This morning Obama's former pastor Jeremiah Wright is in the news again. They did a segment on him on Good Morning America. And the main attention is to a video that has surfaced of a sermon Wright gave in January. Fox News got it and here you can see it on Ben Smith's blog
at The Politico
. It's racially charged and will certainly get a lot of play, though I'm not sure there's much in it that doesn't come out of the sermon tradition of African-American Christianity with a 60s twist. Last week, Obama, who has denounced various of Wright's statements, told a Jewish audience, Wright "is like an old uncle who says things I don't always agree with." Watch it yourself and make your own judgments. For myself, when watching something like this, it is often difficult to distinguish between what I actually find offensive myself and what it is ingrained in me to believe others will find offensive. He's certainly not doing Obama any favors by talking like this about Obama in the midst of this campaign. Particulars aside, the political relevance is to show Wright as angry black man; and to tie him to Obama.

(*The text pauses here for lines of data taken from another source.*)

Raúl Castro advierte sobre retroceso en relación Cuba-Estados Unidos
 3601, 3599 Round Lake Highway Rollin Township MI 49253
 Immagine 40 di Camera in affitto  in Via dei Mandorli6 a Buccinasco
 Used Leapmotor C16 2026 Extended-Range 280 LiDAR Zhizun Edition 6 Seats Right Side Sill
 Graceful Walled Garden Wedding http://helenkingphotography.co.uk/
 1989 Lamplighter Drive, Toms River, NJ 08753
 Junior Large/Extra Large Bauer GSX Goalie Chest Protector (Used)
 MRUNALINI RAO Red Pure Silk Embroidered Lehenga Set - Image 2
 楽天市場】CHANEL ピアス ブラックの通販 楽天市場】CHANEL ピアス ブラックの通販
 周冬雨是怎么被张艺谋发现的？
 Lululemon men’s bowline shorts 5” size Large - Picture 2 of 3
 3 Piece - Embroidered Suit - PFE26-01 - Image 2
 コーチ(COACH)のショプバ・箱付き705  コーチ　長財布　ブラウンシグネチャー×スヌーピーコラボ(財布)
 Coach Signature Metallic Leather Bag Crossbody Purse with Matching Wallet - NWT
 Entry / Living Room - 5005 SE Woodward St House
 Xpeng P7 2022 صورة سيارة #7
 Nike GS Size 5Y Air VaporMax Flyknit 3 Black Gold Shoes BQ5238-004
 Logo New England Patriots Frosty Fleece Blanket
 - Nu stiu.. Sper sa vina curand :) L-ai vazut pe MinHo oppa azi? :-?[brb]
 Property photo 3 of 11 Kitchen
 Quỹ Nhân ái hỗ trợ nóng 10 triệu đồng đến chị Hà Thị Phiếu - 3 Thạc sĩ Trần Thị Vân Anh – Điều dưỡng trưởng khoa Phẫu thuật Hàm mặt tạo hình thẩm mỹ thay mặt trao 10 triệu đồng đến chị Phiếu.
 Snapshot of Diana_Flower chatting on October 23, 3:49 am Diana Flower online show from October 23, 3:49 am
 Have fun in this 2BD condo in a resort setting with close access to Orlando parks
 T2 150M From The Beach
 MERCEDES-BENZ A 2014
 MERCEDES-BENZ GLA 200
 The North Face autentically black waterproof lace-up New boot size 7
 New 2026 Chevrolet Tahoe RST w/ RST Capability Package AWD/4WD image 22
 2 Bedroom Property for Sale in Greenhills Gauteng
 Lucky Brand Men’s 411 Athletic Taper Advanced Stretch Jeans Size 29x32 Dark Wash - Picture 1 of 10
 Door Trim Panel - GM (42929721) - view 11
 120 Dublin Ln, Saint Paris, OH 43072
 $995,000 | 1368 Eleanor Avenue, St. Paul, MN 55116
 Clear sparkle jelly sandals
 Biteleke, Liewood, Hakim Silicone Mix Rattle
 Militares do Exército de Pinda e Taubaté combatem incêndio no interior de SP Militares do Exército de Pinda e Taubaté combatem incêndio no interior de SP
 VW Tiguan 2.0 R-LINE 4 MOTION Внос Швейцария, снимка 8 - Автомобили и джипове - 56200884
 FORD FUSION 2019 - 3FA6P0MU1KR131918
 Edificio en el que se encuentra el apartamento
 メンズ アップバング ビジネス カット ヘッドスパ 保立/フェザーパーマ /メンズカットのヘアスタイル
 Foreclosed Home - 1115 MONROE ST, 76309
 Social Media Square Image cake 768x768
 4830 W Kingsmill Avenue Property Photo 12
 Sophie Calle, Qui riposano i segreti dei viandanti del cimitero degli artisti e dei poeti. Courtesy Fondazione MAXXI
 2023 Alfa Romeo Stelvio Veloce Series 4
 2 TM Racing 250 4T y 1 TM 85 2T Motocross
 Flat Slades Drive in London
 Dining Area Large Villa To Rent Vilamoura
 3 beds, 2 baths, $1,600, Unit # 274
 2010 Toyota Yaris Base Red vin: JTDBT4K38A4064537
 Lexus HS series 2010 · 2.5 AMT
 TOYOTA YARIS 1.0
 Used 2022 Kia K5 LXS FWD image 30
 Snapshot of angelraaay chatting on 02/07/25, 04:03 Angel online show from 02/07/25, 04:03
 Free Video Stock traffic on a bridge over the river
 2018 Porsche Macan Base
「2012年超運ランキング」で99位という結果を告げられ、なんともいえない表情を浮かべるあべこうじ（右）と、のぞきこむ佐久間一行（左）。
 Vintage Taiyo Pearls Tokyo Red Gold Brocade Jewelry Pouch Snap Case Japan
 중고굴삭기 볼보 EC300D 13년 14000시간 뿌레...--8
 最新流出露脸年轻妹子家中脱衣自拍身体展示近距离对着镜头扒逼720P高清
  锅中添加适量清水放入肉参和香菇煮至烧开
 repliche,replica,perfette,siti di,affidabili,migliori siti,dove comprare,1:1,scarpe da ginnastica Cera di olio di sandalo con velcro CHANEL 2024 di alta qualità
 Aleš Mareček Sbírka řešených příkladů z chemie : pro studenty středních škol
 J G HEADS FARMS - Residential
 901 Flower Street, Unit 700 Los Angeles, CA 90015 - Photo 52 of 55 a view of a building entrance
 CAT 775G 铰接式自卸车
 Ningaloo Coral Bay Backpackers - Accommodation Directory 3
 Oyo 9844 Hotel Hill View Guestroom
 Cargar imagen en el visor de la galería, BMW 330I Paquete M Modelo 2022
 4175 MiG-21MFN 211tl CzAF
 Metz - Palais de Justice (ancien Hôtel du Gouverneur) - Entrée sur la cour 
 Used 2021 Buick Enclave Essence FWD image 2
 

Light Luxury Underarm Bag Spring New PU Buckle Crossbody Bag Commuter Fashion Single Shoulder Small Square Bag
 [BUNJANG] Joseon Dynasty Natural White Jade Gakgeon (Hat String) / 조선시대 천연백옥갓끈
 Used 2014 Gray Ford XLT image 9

If Obama's the nominee, we will see no end of this kind of stuff. And there's probably some small benefit of getting a preview. But the simple fact is that we wouldn't be seeing this stuff now if it weren't for the fact that this is the kind of campaign Hillary Clinton's campaign has decided to wage -- often directly and at other times indirectly by not reining it in in her supporters when it crops up on its own. Wright is news today because Ferraro's been news yesterday. Are her comments racist? That's a loaded, too copious, word. And there've been cases where the Clinton team has gotten a bum rap
on these matters. What I do know, however, is that Clinton's campaign and her surrogates have injected the subject of Obama's race into this campaign too many times now for it to be credible to believe that it is anything but a conscious strategy.Lincoln's quote of Matthew 18:7
is instructive here: "Woe unto the world because of offenses; for it must needs be that offenses come, but woe to that man by whom the offense cometh."
It is insufficient to say that Republicans will do this in the fall so there's nothing to be lost in hearing it now from Democrats. Because by doing this now, as a Democratic campaign, they are mainstreaming the message. If Obama is the nominee, when this emerges again, no doubt in a harsher, more rancid incarnation, it will come pre-approved by dint of a Democratic campaign's imprimatur.